Read index from local database
Usage
cas_read_db_download(
index = FALSE,
id = NULL,
batch = "latest",
status = 200L,
db_connection = NULL,
db_folder = NULL,
...
)
Arguments
- batch
Default to "latest": returns only the path to the file with the highest batch identifier available. Valid values are: "latest", "all", or a numeric identifier corresponding to desired batch.
- status
Defaults to 200. Keeps only files downloaded with the given status (can be more than one, given as a vector). If NULL, no filter based on status is applied.
- db_connection
Defaults to NULL. If NULL, uses local SQLite database.
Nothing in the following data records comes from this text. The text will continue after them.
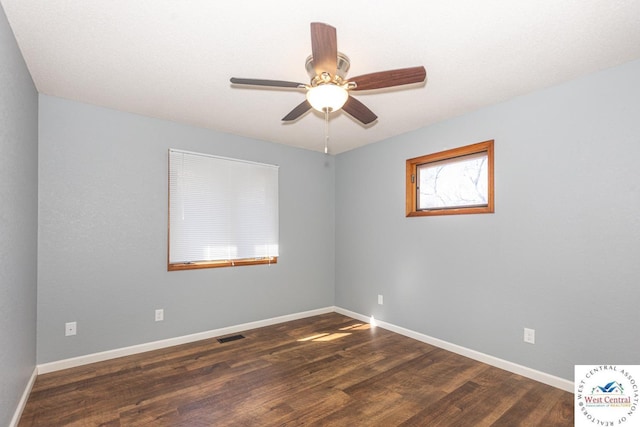 spare room featuring visible vents, a ceiling fan, baseboards, and wood finished floors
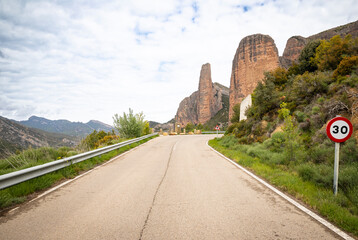 a paved road entering Las Penas de Riglos village, comarca of Hoya de Huesca, province of Huesca, Aragon, Spain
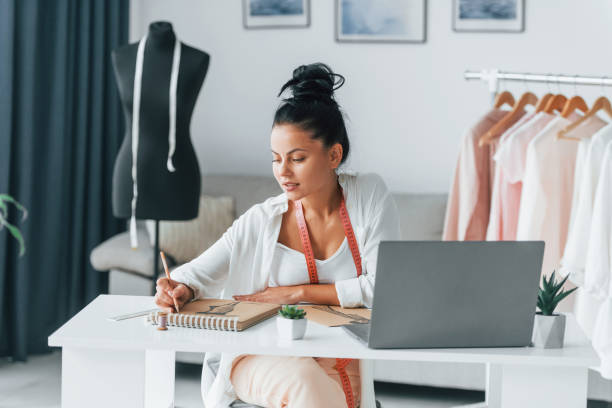 istock Busy day. Seamstress is in her office that is with different clothes 1370118337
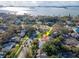 Aerial shot of the home, near a body of water, surrounded by lush landscaping and trees at 220 Garden S Cir, Dunedin, FL 34698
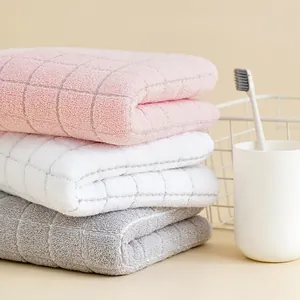 Detailed view of stacked waffle texture cotton towels in pink white and grey colors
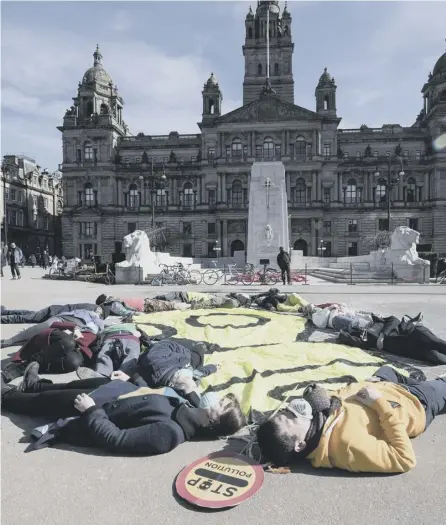  ?? PICTURE: JOHN DEVLIN ?? 0 Air pollution protesters wearing gas masks stage a “die-in” in Glasgow’s George Square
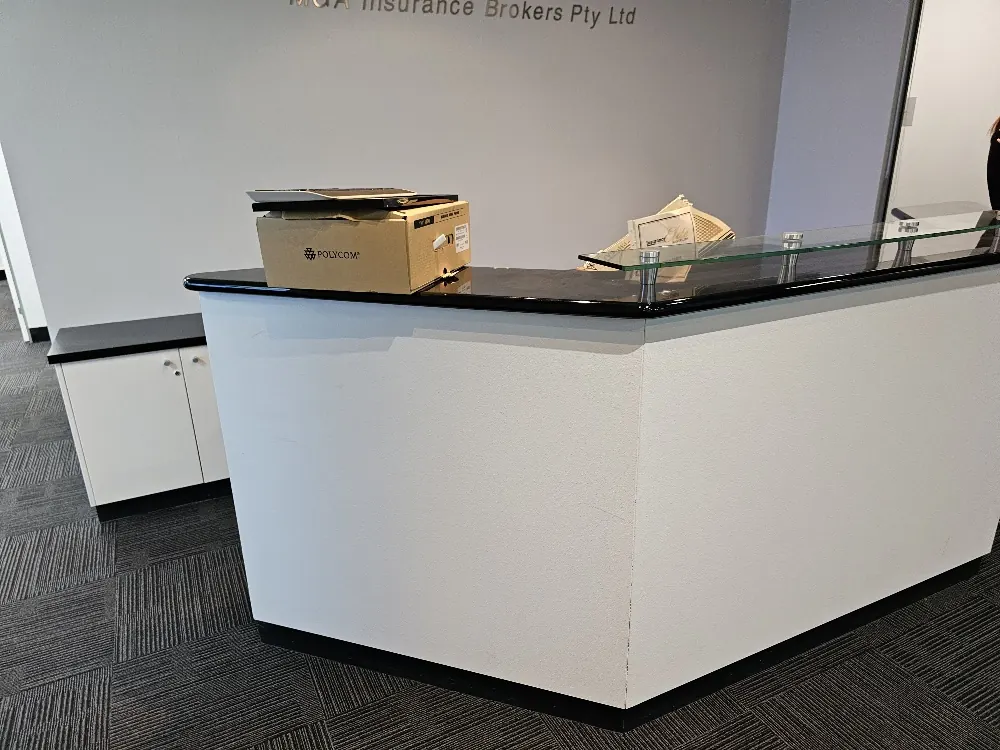 Artarmon office reception before renovation, showing the original plain counter front
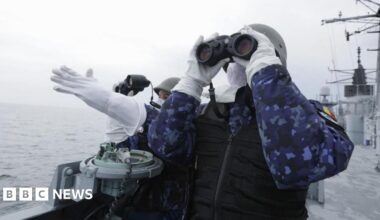 Two Romanian navy officers from the Romanian Navy frigate 'King Ferdinand' monitor the target for a canon live fire shooting during the NATO naval drill 'Sea Shield 26' in the Black Sea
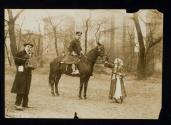 [Elisabeth Freeman dressed as a gypsy, standing next to policeman on horse and man with a camera]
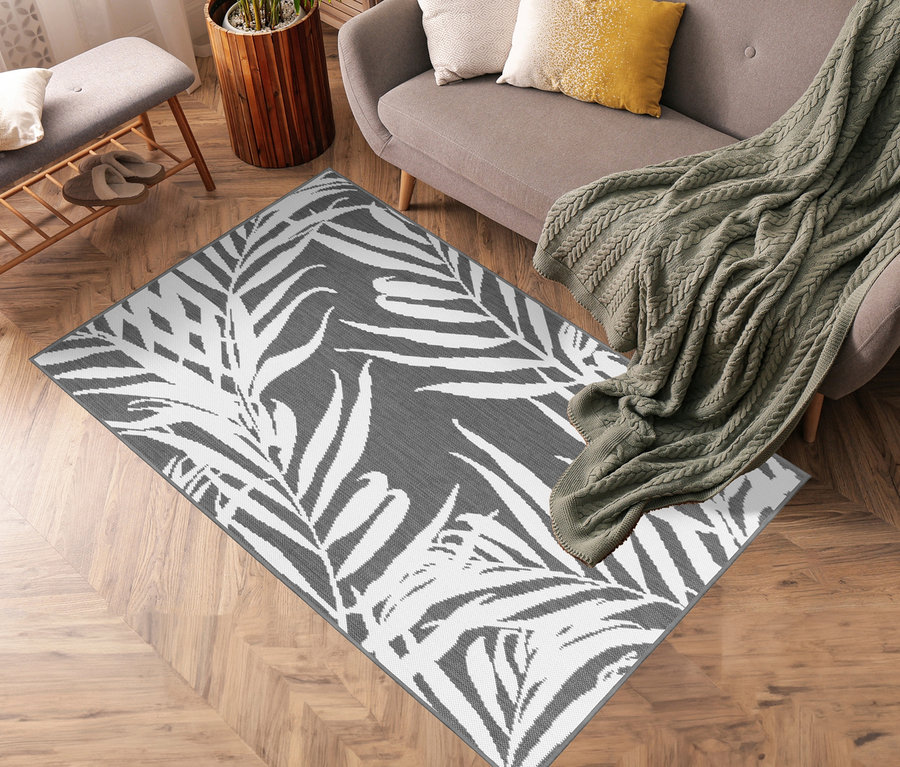 Grauer Outdoor-Wende-Teppich »Palm Tree« liegt im Wohnzimmer.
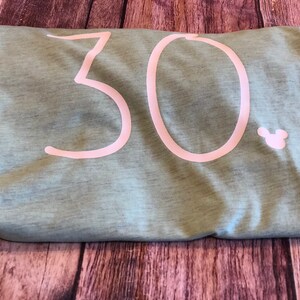 May include: A light green t-shirt with the number 30 printed in white on the front. A small white Mickey Mouse head is printed to the right of the number.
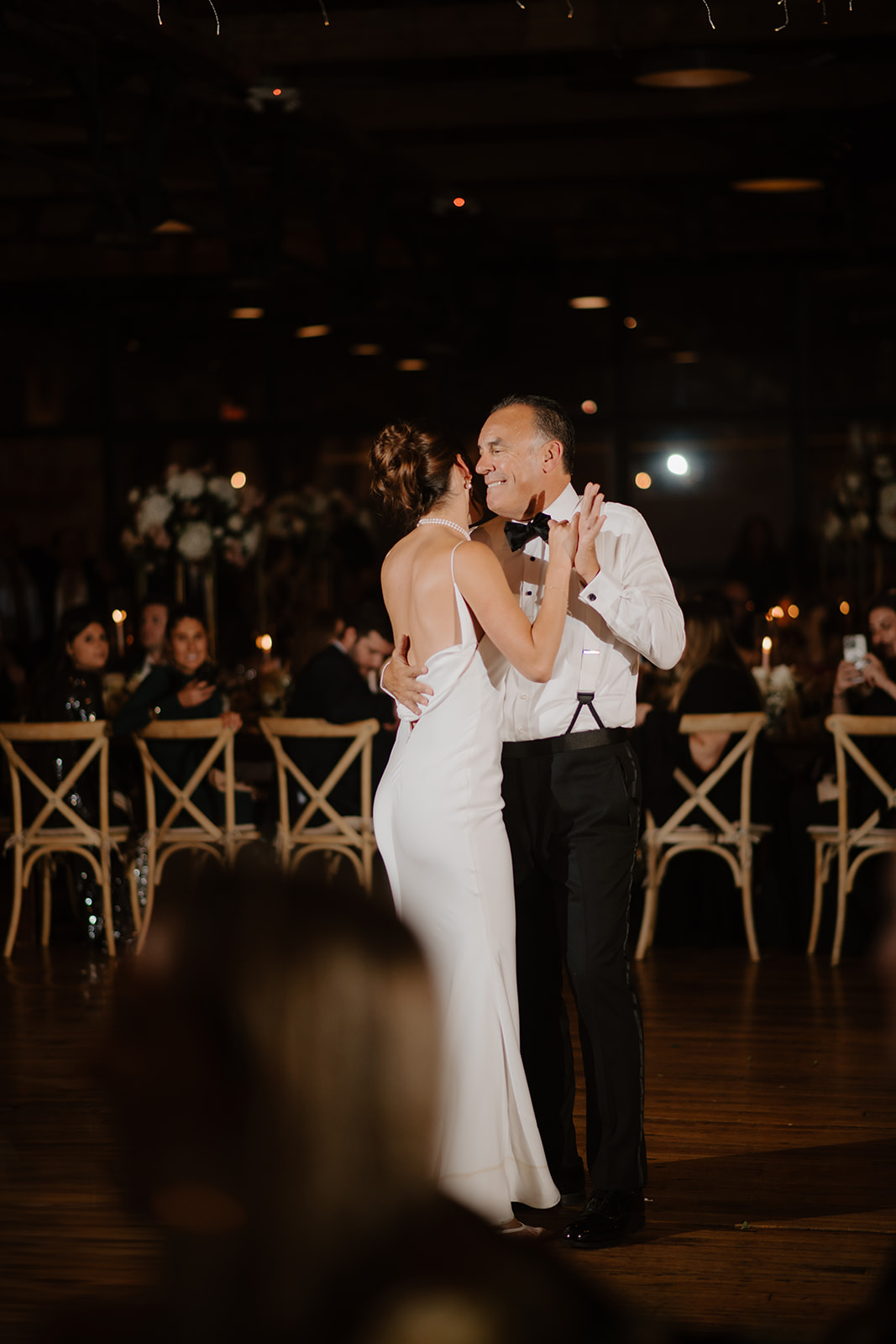 Bride dances with her father at the reception, both sharing a joyful smile.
If given, must be a connection object or a list with relevant connection settings (see example).
- ...
Passed to
cas_get_db_file()
.
Value
A data frame with three columns and data stored in the index_id
table of the local database. The data frame has zero rows if the database
does not exist or no data was previously stored there.
Examples
cas_set_options(
base_folder = fs::path(tempdir(), "R", "castarter_data"),
db_folder = fs::path(tempdir(), "R", "castarter_data"),
project = "example_project",
website = "example_website"
)
cas_enable_db()
urls_df <- cas_build_urls(
url = "https://www.example.com/news/",
start_page = 1,
end_page = 10
)
cas_write_db_index(urls = urls_df)
#> ✔ Urls added to index_id table: 10
cas_read_db_index()
#> # Source: table<`index_id`> [10 x 3]
#> # Database: sqlite 3.46.0 [/tmp/Rtmp1QODEK/R/castarter_data/cas_example_project_example_website_db.sqlite]
#> id url index_group
#> <dbl> <chr> <chr>
#> 1 1 https://www.example.com/news/1 index
#> 2 2 https://www.example.com/news/2 index
#> 3 3 https://www.example.com/news/3 index
#> 4 4 https://www.example.com/news/4 index
#> 5 5 https://www.example.com/news/5 index
#> 6 6 https://www.example.com/news/6 index
#> 7 7 https://www.example.com/news/7 index
#> 8 8 https://www.example.com/news/8 index
#> 9 9 https://www.example.com/news/9 index
#> 10 10 https://www.example.com/news/10 index